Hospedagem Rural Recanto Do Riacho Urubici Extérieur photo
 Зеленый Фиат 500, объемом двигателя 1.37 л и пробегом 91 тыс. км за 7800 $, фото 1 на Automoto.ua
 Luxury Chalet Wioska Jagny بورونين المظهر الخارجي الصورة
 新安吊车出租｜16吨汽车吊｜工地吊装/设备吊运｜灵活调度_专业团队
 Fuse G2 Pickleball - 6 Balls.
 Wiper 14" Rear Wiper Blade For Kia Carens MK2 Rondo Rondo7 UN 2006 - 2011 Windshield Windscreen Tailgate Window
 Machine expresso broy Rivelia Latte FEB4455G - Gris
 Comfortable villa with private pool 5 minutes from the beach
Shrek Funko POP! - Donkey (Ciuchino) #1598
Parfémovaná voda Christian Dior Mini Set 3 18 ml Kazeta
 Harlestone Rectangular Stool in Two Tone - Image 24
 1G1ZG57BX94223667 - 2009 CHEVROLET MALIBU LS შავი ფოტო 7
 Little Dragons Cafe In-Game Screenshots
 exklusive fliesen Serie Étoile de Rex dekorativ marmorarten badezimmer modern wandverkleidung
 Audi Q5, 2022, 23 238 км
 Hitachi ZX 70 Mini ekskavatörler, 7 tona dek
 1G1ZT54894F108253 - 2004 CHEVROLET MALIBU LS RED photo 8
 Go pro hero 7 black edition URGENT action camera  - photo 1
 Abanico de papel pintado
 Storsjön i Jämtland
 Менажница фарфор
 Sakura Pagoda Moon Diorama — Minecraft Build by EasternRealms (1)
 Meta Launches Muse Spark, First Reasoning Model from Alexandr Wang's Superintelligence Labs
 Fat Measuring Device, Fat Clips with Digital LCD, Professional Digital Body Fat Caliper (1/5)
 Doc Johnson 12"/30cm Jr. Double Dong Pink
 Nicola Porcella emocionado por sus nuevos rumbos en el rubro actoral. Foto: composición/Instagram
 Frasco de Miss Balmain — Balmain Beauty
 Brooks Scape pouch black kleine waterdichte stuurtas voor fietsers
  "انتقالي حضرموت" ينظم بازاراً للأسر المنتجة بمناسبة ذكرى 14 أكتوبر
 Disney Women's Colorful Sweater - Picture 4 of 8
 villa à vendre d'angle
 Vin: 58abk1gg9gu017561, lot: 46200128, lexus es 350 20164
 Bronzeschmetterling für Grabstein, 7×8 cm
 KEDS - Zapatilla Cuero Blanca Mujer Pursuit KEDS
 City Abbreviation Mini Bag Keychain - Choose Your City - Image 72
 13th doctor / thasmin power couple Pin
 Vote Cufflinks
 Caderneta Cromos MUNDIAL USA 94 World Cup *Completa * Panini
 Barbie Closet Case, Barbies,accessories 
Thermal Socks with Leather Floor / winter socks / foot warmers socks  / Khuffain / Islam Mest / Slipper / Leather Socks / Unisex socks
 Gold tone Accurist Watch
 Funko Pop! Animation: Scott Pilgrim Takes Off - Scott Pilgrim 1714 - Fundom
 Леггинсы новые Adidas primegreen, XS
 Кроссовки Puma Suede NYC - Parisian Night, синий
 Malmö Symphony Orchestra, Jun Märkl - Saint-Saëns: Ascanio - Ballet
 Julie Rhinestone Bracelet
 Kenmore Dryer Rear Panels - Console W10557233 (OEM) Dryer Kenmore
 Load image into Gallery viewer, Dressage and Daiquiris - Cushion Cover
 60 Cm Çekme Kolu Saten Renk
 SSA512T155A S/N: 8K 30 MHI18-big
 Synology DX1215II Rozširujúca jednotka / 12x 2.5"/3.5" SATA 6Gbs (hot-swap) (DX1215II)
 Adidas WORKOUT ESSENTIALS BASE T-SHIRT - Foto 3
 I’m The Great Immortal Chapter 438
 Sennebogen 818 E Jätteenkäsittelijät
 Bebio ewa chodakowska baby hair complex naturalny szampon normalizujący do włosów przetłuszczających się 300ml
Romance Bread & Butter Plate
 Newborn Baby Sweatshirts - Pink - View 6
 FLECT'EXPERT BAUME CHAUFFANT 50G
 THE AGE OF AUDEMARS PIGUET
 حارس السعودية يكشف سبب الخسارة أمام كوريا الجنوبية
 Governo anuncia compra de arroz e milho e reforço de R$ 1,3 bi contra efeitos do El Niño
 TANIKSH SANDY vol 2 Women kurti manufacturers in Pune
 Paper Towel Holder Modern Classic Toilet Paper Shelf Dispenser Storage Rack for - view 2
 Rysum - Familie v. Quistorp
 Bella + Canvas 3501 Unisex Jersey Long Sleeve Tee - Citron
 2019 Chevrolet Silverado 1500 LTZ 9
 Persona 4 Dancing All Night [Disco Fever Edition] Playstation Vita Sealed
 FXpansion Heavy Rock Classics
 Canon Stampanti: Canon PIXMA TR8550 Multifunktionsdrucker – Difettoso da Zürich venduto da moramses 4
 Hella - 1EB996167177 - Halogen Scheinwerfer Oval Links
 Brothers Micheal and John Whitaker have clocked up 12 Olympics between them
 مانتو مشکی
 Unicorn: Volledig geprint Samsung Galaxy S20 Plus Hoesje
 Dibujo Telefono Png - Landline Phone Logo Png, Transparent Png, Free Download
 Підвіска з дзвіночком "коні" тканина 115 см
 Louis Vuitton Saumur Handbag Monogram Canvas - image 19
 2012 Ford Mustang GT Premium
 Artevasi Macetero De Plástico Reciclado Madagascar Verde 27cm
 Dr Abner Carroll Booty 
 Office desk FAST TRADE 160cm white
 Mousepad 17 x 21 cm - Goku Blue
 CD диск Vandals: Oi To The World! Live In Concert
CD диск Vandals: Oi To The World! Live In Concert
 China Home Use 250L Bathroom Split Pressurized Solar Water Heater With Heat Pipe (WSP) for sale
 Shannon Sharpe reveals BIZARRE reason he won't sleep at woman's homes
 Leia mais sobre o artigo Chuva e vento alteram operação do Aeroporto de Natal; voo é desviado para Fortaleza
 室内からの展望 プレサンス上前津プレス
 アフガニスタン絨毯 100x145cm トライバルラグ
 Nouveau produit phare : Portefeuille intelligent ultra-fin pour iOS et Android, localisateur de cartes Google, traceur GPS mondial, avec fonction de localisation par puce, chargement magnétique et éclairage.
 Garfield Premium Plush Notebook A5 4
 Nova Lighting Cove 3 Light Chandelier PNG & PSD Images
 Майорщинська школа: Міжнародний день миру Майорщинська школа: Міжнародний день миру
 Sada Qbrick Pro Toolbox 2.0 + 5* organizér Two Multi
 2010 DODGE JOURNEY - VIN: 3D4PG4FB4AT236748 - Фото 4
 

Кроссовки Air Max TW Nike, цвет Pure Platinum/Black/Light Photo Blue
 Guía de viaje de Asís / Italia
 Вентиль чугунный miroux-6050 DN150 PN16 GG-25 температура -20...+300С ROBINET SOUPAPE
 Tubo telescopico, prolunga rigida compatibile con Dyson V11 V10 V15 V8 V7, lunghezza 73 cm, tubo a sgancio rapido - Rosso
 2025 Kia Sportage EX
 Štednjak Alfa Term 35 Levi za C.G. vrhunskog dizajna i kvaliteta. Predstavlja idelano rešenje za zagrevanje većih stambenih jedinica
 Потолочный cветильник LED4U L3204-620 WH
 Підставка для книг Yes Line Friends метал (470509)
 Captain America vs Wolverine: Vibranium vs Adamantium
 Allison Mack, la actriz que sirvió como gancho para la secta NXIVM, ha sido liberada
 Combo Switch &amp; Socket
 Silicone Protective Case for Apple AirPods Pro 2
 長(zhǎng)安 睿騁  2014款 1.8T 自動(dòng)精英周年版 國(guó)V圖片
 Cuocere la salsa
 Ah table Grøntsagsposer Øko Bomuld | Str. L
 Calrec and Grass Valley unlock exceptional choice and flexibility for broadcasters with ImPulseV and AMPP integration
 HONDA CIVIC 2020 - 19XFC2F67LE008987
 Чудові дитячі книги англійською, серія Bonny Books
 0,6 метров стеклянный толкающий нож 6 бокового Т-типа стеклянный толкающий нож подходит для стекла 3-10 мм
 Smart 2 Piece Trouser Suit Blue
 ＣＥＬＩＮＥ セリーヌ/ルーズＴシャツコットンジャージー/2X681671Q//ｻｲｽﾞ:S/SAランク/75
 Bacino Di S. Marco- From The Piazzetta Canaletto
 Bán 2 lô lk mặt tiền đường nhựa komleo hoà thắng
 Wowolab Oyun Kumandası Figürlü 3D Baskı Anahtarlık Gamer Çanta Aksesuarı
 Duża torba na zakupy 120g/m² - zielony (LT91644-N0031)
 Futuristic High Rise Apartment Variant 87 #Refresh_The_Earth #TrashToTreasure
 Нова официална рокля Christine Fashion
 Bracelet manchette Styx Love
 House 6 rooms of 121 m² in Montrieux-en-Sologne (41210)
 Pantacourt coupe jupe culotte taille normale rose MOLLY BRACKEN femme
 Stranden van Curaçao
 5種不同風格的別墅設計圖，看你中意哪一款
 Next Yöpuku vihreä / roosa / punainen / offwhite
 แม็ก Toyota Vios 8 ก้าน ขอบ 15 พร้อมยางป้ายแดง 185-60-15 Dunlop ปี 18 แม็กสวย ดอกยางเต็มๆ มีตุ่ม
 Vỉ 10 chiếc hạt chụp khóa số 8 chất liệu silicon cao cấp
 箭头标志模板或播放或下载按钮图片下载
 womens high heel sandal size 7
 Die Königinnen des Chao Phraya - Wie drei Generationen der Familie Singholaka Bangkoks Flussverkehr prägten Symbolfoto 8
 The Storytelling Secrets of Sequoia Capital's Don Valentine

- - - - -

• [ABOUT THIS EXERCISE]:
When the line with "villa à vendre d'angle" is reached in the data above, start copying there, and copy each line exactly until the line with "Gold tone Accurist Watch" has been copied; copy nothing else.

• [ANSWER BELOW]:
 villa à vendre d'angle
 Vin: 58abk1gg9gu017561, lot: 46200128, lexus es 350 20164
 Bronzeschmetterling für Grabstein, 7×8 cm
 KEDS - Zapatilla Cuero Blanca Mujer Pursuit KEDS
 City Abbreviation Mini Bag Keychain - Choose Your City - Image 72
 13th doctor / thasmin power couple Pin
 Vote Cufflinks
 Caderneta Cromos MUNDIAL USA 94 World Cup *Completa * Panini
 Barbie Closet Case, Barbies,accessories 
Thermal Socks with Leather Floor / winter socks / foot warmers socks  / Khuffain / Islam Mest / Slipper / Leather Socks / Unisex socks
 Gold tone Accurist Watch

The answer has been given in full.